De retour au Palais fédéral, après avoir reçu deux ambassadrices étrangères sur le départ, Micheline Calmy-Rey ne quittera plus son bureau de la journée. Un endroit original, surtout en pareils lieux. Très claire, murs saumon, dépouillée, la salle ne compte quasiment aucun mobilier, sinon le bureau (un brin baroque) de la chef du DFAE et une longue table, entourée de chaises en plastique transparent de différentes couleurs. Des sièges légèrement spartiates, où l'on ne risque pas de s'endormir Assise en bout de table, la ministre dirigera coup sur coup trois séances d'environ une heure chacune. Mais aucun signe notable de fatigue sur son visage. Où trouve-t-elle son énergie? «J'ai du plaisir, je suis motivée par mon travail. C'est là qu'on puise la force nécessaire.» La réponse d'une passionnée.
Heure par heure
La journée de travail d'une conseillère fédérale
6h. Réveil à l'Hôtel Bern, son lieu de résidence dans la capitale fédérale.
7h. Commission de sécurité du Conseil fédéral, avec deux autres de ses collègues du Gouvernement.
8h30. Conseil de direction du DFAE.
10h. Visite «de courtoisie» du ministre argentin de la Justice Gustavo Beliz. Micheline Calmy-Rey le reçoit dans le Salon du président.
11h30. A Köniz (BE), visite de la Division Aide humanitaire et CSA. Qui lui présente son action et sa manière de fonctionner. Petit discours, puis discussion avec les collaborateurs. Repas sur le pouce (sandwich/10 min) tout en parlant travail avec Walter Fust, directeur de la DDC.
13h30. Départ de Köniz pour Berne, dans sa Mercedes de fonction, conduite par un chauffeur (comme à l'aller).

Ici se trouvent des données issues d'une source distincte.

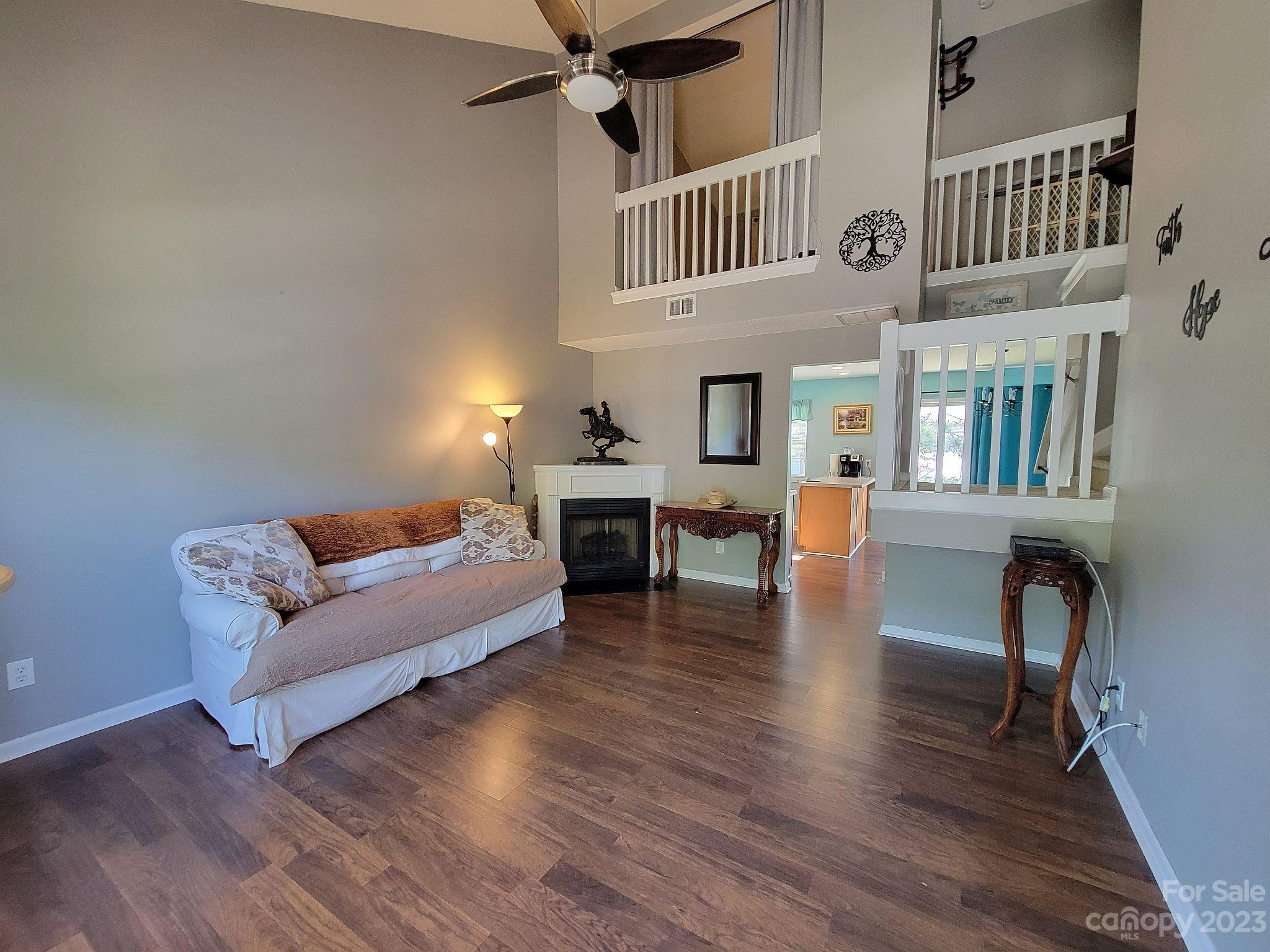 The Townes at River Crossing - Residential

14h. Visite d'adieux des ambassadrices de Cuba, puis de la République dominicaine, qui retournent dans leur pays. La seconde, en retard, offrira une bouteille de rhum à notre conseillère fédérale.
15h30. Séance d'état-major. Croulant sous les dossiers, quatre collaborateurs du DFAE traitent des sujets qui seront débattus lors de la séance du Conseil fédéral du lendemain.
16h30. Séance de travail sur la politique européenne, avec le secrétaire d'Etat Franz von Däniken et l'ambassadeur Michael Ambühl.
17h15. Séance consacrée aux questions de personnel du DFAE.
18h. Seule dans son bureau, Micheline Calmy-Rey se consacre à l'étude de ses dossiers.
Vers 21h. Retour à l'hôtel, repas, et, la plupart du temps, poursuite du travail jusqu'à...
fm
Paroles de ministre
- L'image de la Suisse: «La Suisse, dans le monde, a une grande crédibilité. Son image est bonne, et c'est important. Nous pouvons être fiers d'être suisses.»
- Politique étrangère: «J'essaie de faire entendre la voix de notre pays à l'étranger. Je ne pense pas que sa neutralité ou sa petite taille soient un obstacle pour la défense de ses intérêts sur le plan international.»
- La Suisse et l'Europe: «Actuellement, l'objectif du Conseil fédéral est de parvenir à boucler les bilatérales, voulues par le peuple. Un travail pas évident du tout.»
- Socialiste au Gouvernement: «Un conseiller fédéral n'est pas membre du collège pour appliquer un programme socialiste, mais pour gouverner. Dans l'intérêt commun. Nous sommes dans un système de concordance, ce qui signifie des discussions, de la compréhension mutuelle, voire des compromis.»